● Problem description:
Transcribe the data exactly. Pictures stay out.

● Exercise data:
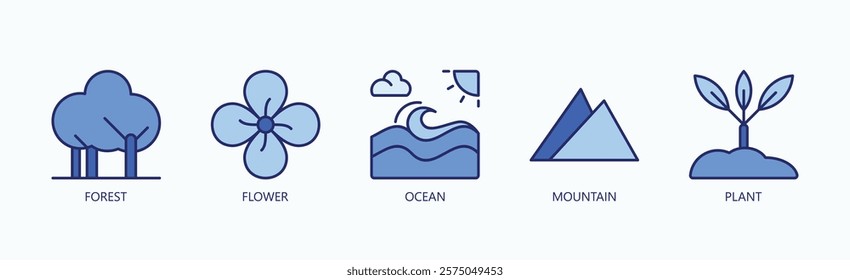 Nature'S Essence Icon Set Isolated Vector With Icon Of Forest, Flower, Ocean, Mountain, Plant In Blue Style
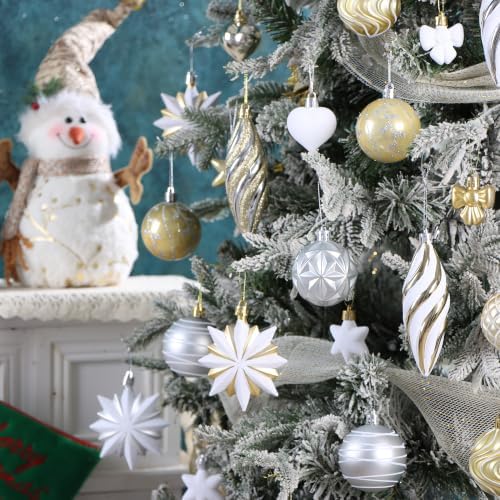 82Pcs Christmas Tree Ornaments Set,Shatterproof Christmas Decorations for Tree Assorted Plastic Craft Baubles Snowflake Ball Ornaments with Durable String for Holiday Party Decor (Gold & White)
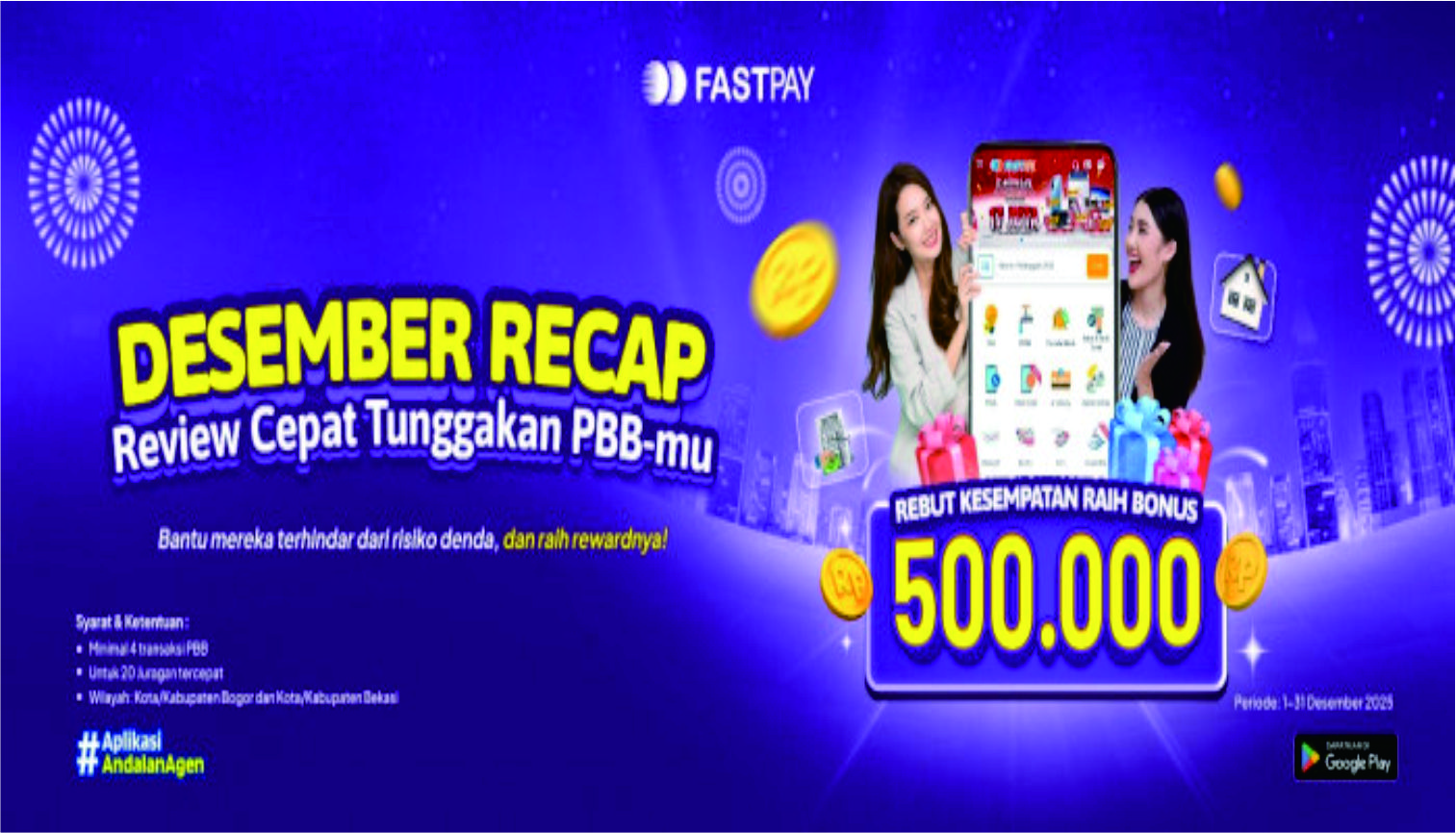 Promo Fastpay Desember - Transaksi Tunggakan PBB dapat bonus 500 rb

● Final answer:
 Nature'S Essence Icon Set Isolated Vector With Icon Of Forest, Flower, Ocean, Mountain, Plant In Blue Style
 82Pcs Christmas Tree Ornaments Set,Shatterproof Christmas Decorations for Tree Assorted Plastic Craft Baubles Snowflake Ball Ornaments with Durable String for Holiday Party Decor (Gold & White)
 Promo Fastpay Desember - Transaksi Tunggakan PBB dapat bonus 500 rb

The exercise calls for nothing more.